Una aparición fantasmal y violenta

Sería 1961 o, a lo sumo, 1962. Iba recorriendo en coche, lentamente, las costas de Garraf, parando el vehículo en cada recodo con el ánimo de observar de cerca la vegetación y la fauna de una zona que intuía distinta a todo lo que conocía. Eran tiempos prenaturalistas y, sobre todo, preecologistas, en los que eran impensables prácticas, hoy ya habituales incluso en nuestro país, como el civilizado y europeo bird-watching. Llevaba unos prismáticos y una Guía de campo de las aves de España y demás países de Europa. Me dirigí hacia un barranco que, por su tamaño, anunciaba que iba a penetrar suficientemente en la montaña y, entrando en su cauce, absolutamente seco y pedregoso, comencé a caminar monte arriba. Era finales de febrero, un día totalmente despejado y, aunque debía ser muy pronto, el sol ya calentaba.
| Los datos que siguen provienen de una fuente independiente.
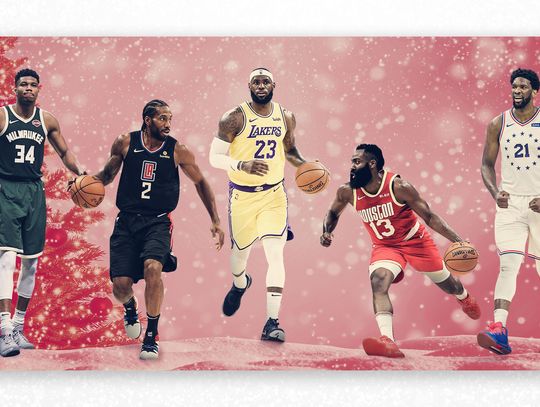 NBA On Christmas Day Recap 2019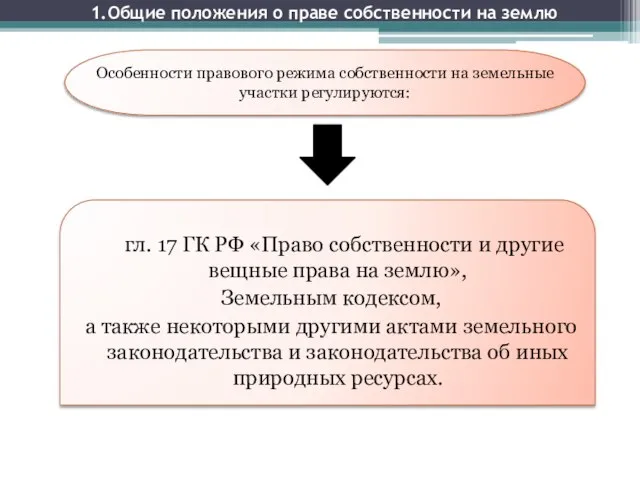 1.Общие положения о праве собственности на землю гл. 17 ГК РФ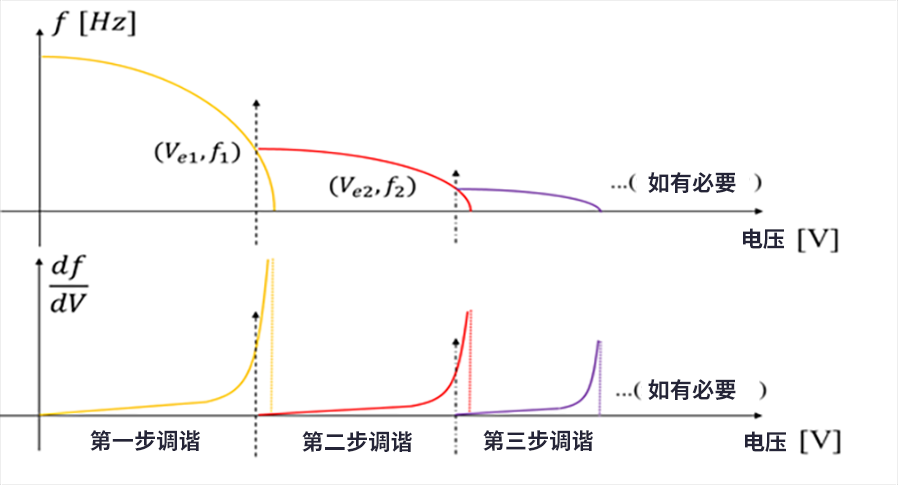 漲知識(shí)了！MEMS也可以用來(lái)監(jiān)測(cè)地震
Intenté, con ayuda del libro, identificar algunas de las especies de pájaros que volaban entre los arbustos y los pequeños palmitos. Llevaría una media hora de pausada travesía cuando, tras un recodo, el barranco empezó a entrar decididamente en el interior del macizo. Opté por trepar por la margen izquierda hasta llegar a un pequeño promontorio, una especie de escalón rocoso que por la curvatura del barranco quedaba a la sombra. De repente, se produjo algo extraordinario, algo como una explosión acústica, un grito desesperado, rechinante, agudo, pero con la cadencia y el tono de un latido monstruosamente doloroso. Levanté la cabeza para ver, pero con la intención también de protegerme, como esperando que la gran pared de caliza se derrumbara, y en ese instante, pese a la intensísima y cegadora luz, noté la presencia sobrecogedora de dos aves que me parecieron inmensas, volando majestuosas, lentas, sin mover en ningún momento las alas, emitiendo ese grito lastimero que podía ser de dominio, de afirmación territorial. Creo que, en ese momento, me convertí a la ornitología. Fue algo único y, si he de ser sincero, nunca más volví a disfrutar de una situación semejante; quizá la corta distancia a la que me hallaba de las aves, el tamaño relativamente pequeño del escenario y, por encima de todo, la novedad, la sorpresa, el miedo que me produjo esa aparición fantasmal y violenta, fueron determinantes. Ni años después en el Rif, ni en las sierras de Jaén, ni en el somontano oscense, donde he pasado horas observándolas, se ha repetido algo semejante, algo que ocurrió a breve distancia de una saturada carretera y que es trágicamente improbable que se repita.